Wege(len)

Auf Alpintouren verbringt man manchmal viel Zeit mit der Suche nach dem richtigen Weg: dem richtigen Zustieg, dem richtigen Einstieg, dem richtigen Routenverlauf und dem richtigen Abstieg. 
Sprinter ist im Wege – suchen Meister. Leider hat er aber auch eine Vorliebe die ich so ganz und gar nicht teile: er liebt Wegelen.
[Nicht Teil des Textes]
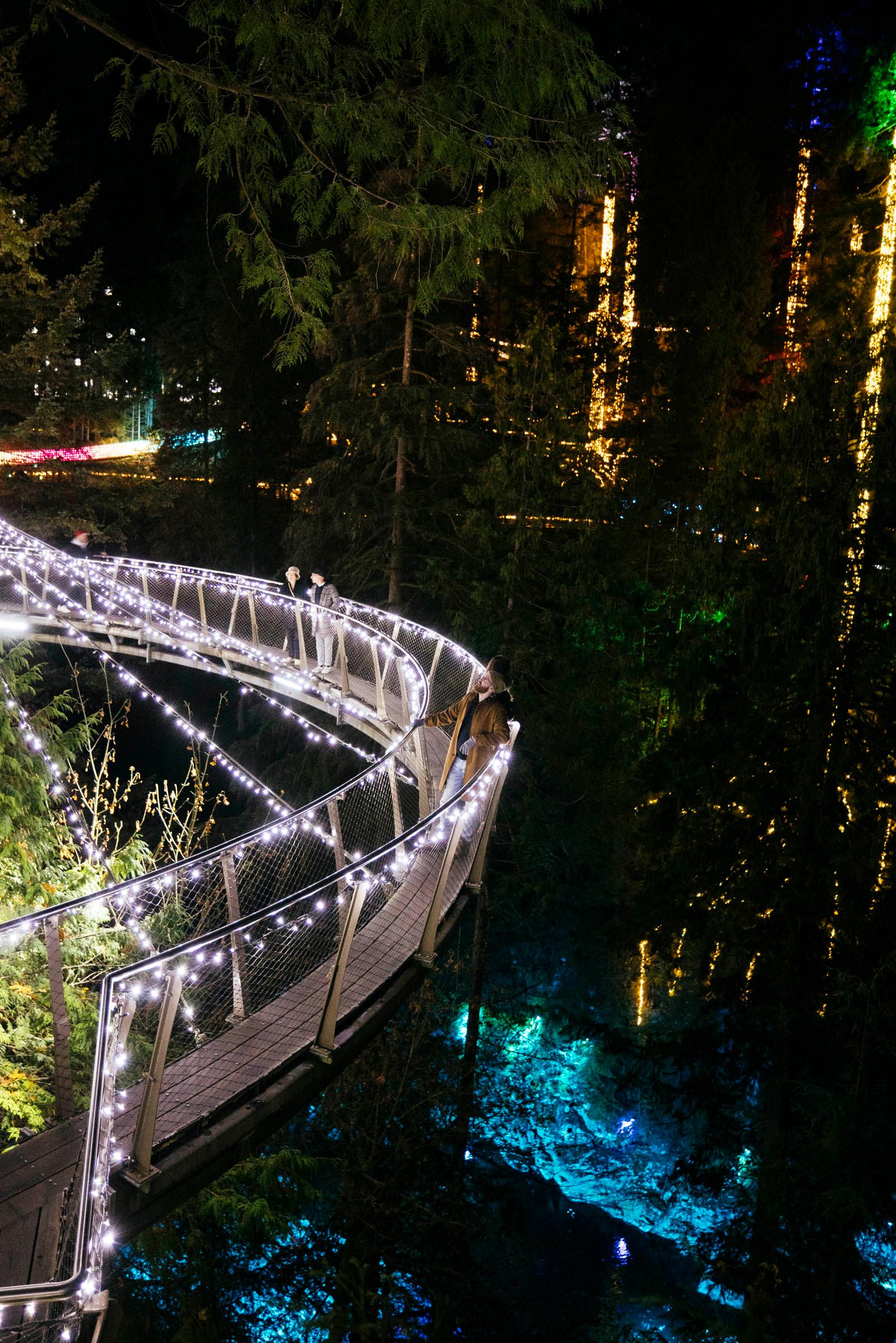Capilano Suspension Bridge Park Entry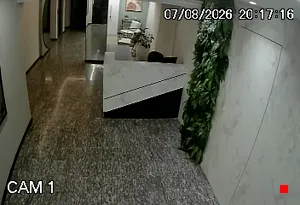 Caméra IP - BR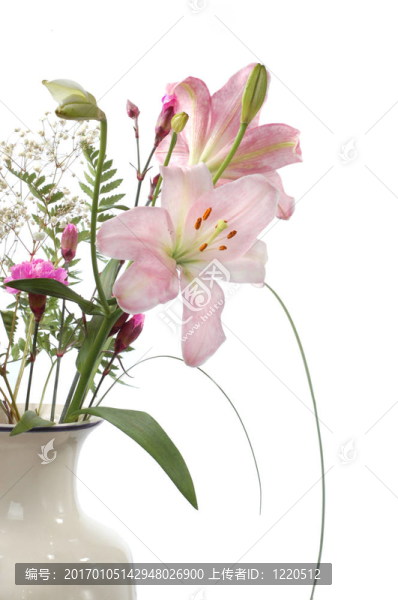 一束百合花
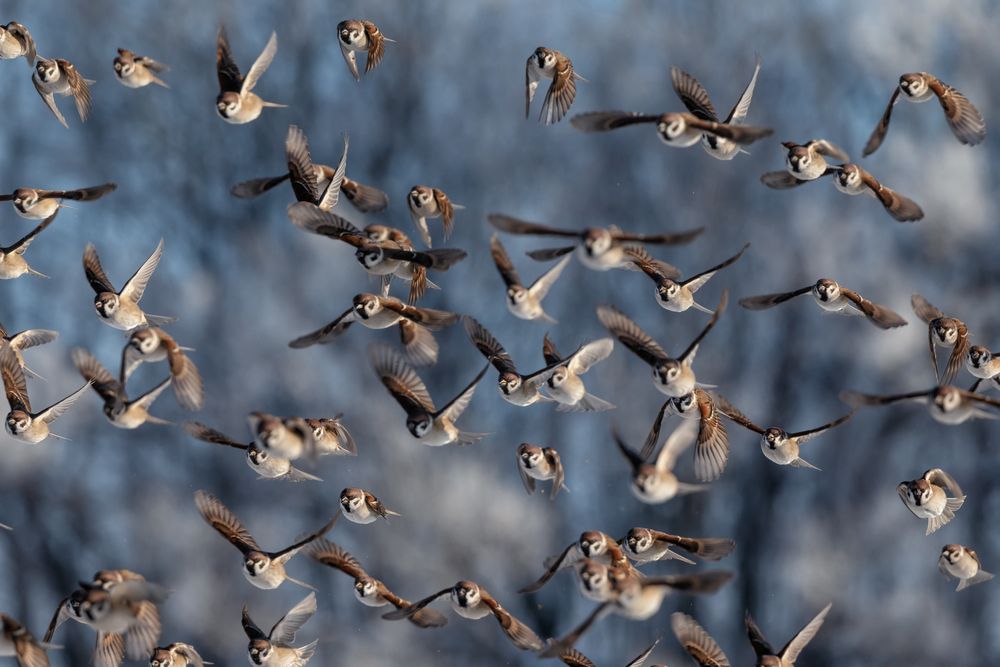 Photograph by Наталья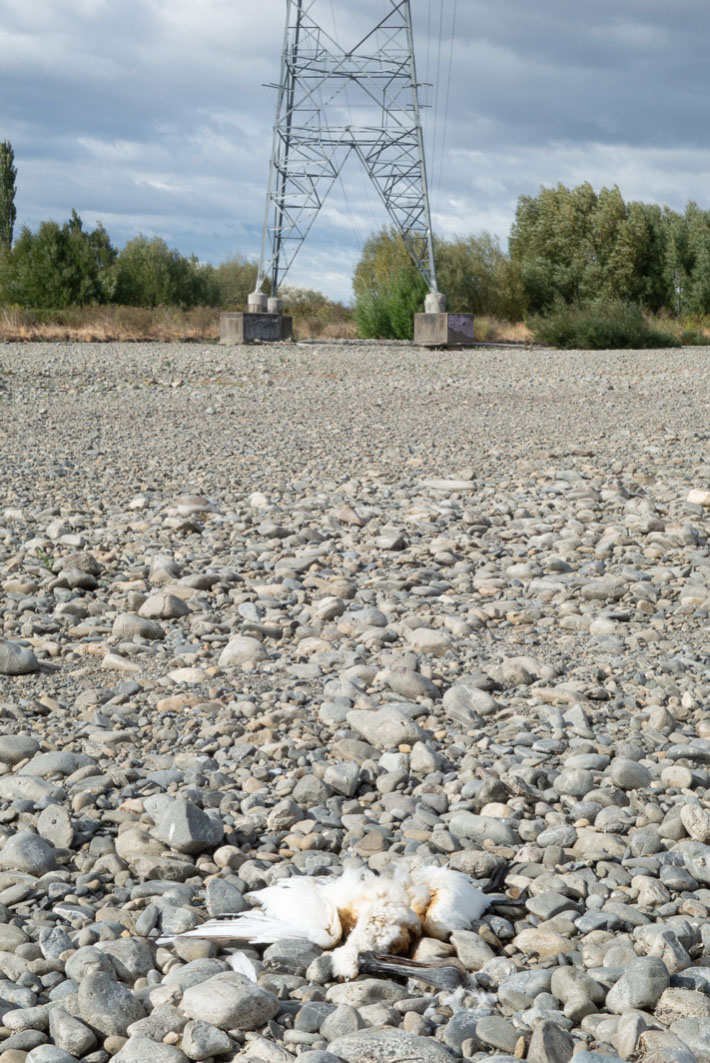 Dead spoonbill beneath pylon lines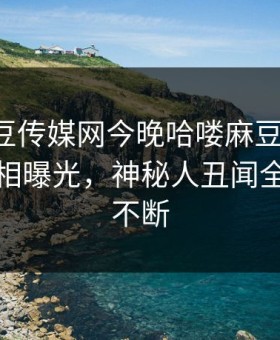 网曝麻豆传媒网今晚哈喽麻豆商家版，热议真相曝光，神秘人丑闻全网热议不断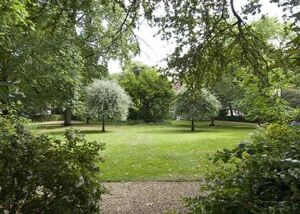 48934 KEH210086 IMG 15 0000.jpeg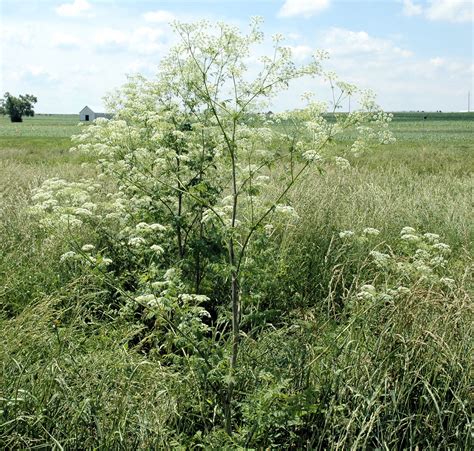Fall is a great time to control next year’s poison hemlock – Ohio Ag ...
Zum besseren Verständnis: während Wege einen klar definierten, oft markierten und viel begangenen Verlauf haben sind Wegelen eher das Gegenteil und enden daher auch oft im Nichts. Für Sprinter wiederum sind Wegelen die allerkürzeste Verbindung zwischen zwei Punkten. Für Sprinter gibt es auch fast kein Gelände das sich nicht für ein Wegele eignet, keine Wiese ist zu steil, kein Dickicht zu dicht und keine Schuttrinne zu rutschig. Oft ortet er auch Spuren eines Wegeles wo garantiert keines ist. Wenn sich Tage zuvor ein Bergsteiger verirrt und beim Herumirren ein paar Grashalme geknickt hat, sind diese Grashalme ein glasklares Indiz für Sprinter dass hier ein Wegele sein muss. Er hat schon bestens markierte Zustiege ignoriert weil er Wegspuren ausgemacht hat die ganz sicher schneller zum Einstieg führen. Ich warte dann einfach beim Einstieg auf ihn.
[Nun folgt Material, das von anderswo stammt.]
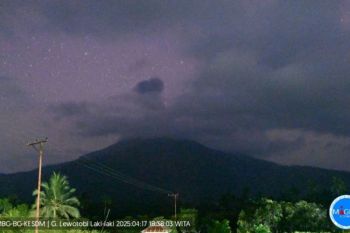 Gunung Lewotobi Laki-laki erupsi satu kali pada Kamis malam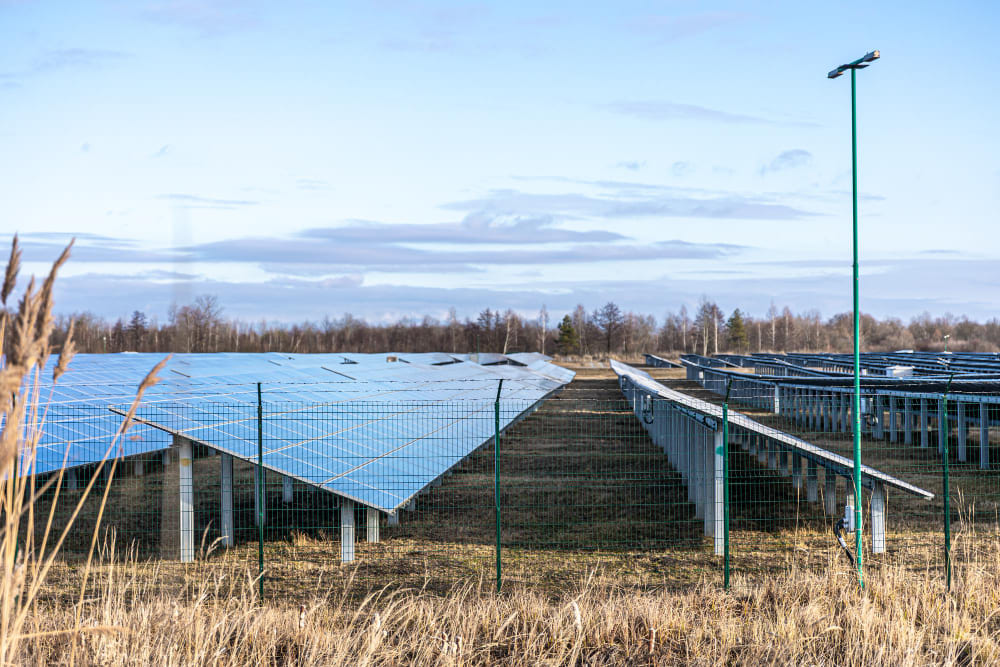 Paneles solares en campo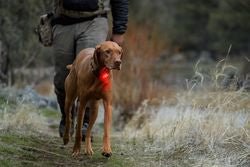 The Beacon Safety Light (Ruffwear) - SnowPaw Store - Ruffwear - Active Dog Gear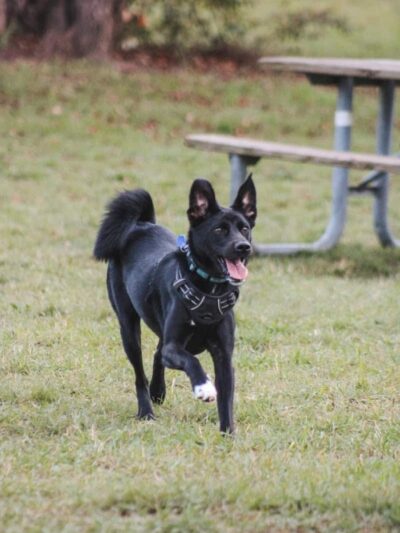 Stony Creek Dog Park - Washington, MI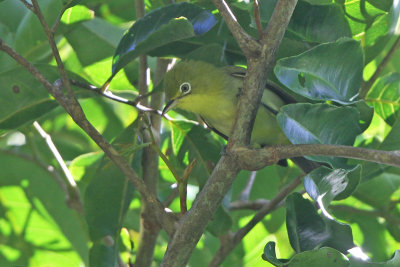 Citrine White-eye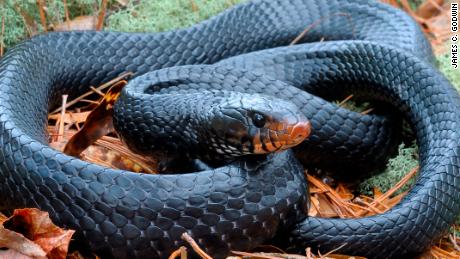 A rare Eastern indigo snake was found in Alabama.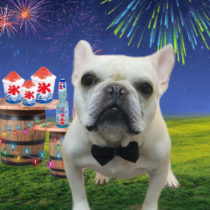 フレンチブルドッグ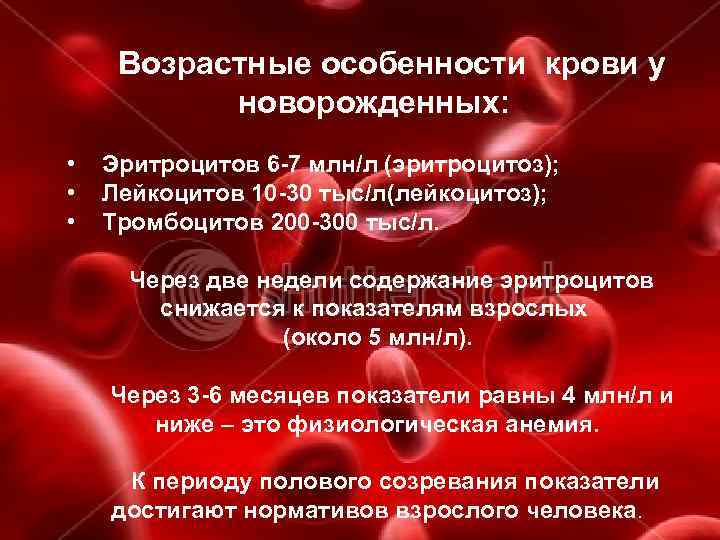 Возрастные особенности крови у новорожденных: • • • Эритроцитов 6 -7 млн/л (эритроцитоз); Лейкоцитов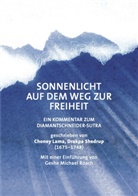Choney Lama Drakpa Shedrup, Geshe Michael Roach, Geshe Michael Roach - Sonnenlicht auf dem Weg zur Freiheit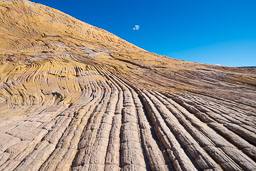 uphill-sandstone-textures-yellow-rock-hike.jpg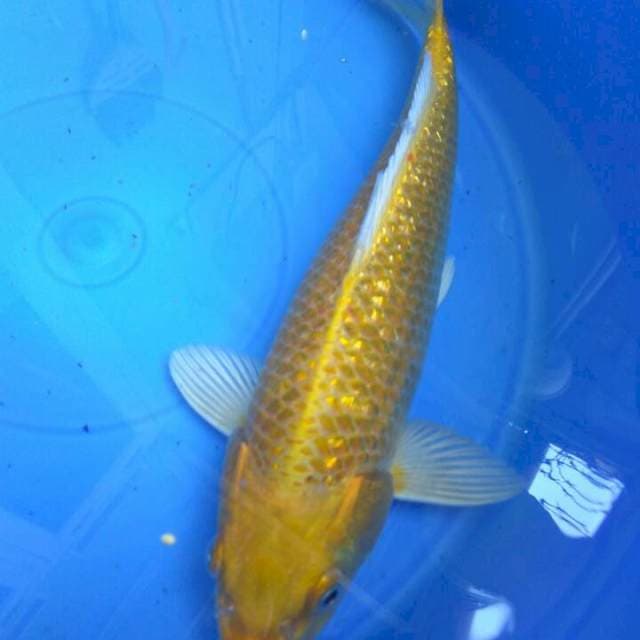 RARE F1 OGON GINRIN MALE 30CM
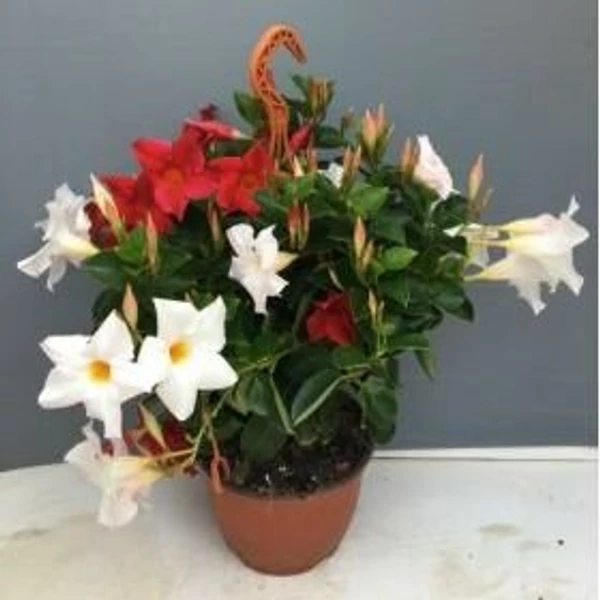 TölcsérjázminSUNDAVILLEA AKASZTÓS TRICOLOR 30CM K4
Ich mag breite, gemäßigt steile Forstwege und finde Serpentinen äußerst angenehm. Sprinter mag Wegelen und hasst Serpentinen – für ihn die weggewordene Zeitverschwendung. Warum eine Strecke künstlich durch Kurven verlängern wenn man auch gerade hinauf kann?
Dass wir durch die Nutzung von Wegelen keinen Zeitgewinn haben wollte Sprinter lange nicht akzeptieren (genau genommen tut er es immer noch nicht). Es ist nämlich so: ich kann schnell gehen so lange die Steigung einen bestimmten Grad nicht übersteigt. Sobald dieser Grad erreicht ist werde ich zur Schnecke und weder ein nahendes Gewitter noch drohende Dunkelheit helfen mein Tempo zu beschleunigen. Das gilt aufwärts genauso wie abwärts. Für Sprinter ist es komplett unlogisch dass ich für längere Strecken weniger Zeit brauche als für kürzere (so formuliert klingt es auch unlogisch, aber es ist wahr!). Genauso gut könnte ich ihm erklären dass die Erde neuerdings wieder eine Scheibe ist.  
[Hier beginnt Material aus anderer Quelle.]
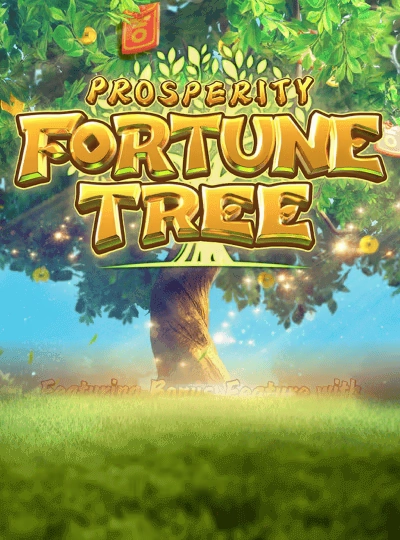 Video slots game cover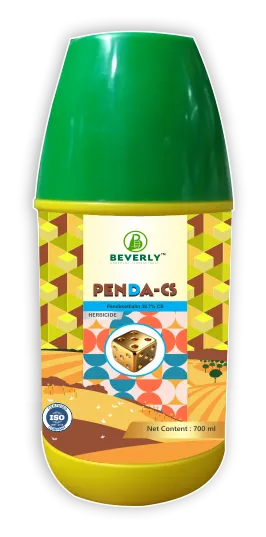 Penda CS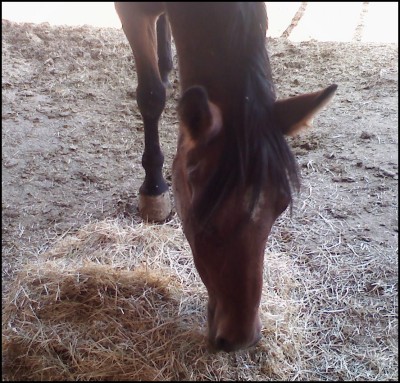 /i/Horses/Leaf10112009a400.jpg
Er findet ich brauche einfach Übung. Manchmal tue ich ihm den Gefallen und folge ihm auf einem Wegele, er tänzelt dann vor und gibt mir Instruktionen (Gerade stehen! Flach auftreten! Die Ferse in den Hang stemmen!). Alle paar Meter bleibt er stehen und wartet auf mich. Sind wir dann endlich am Ziel bin ich schweißgebadet und mit den Nerven am Ende. Sprinter lobt mich dann mit den Worten „Siehst du – war ja gar nicht schlimm und schneller waren wir auch!“
Ja klar. Und die Erde ist eine Scheibe.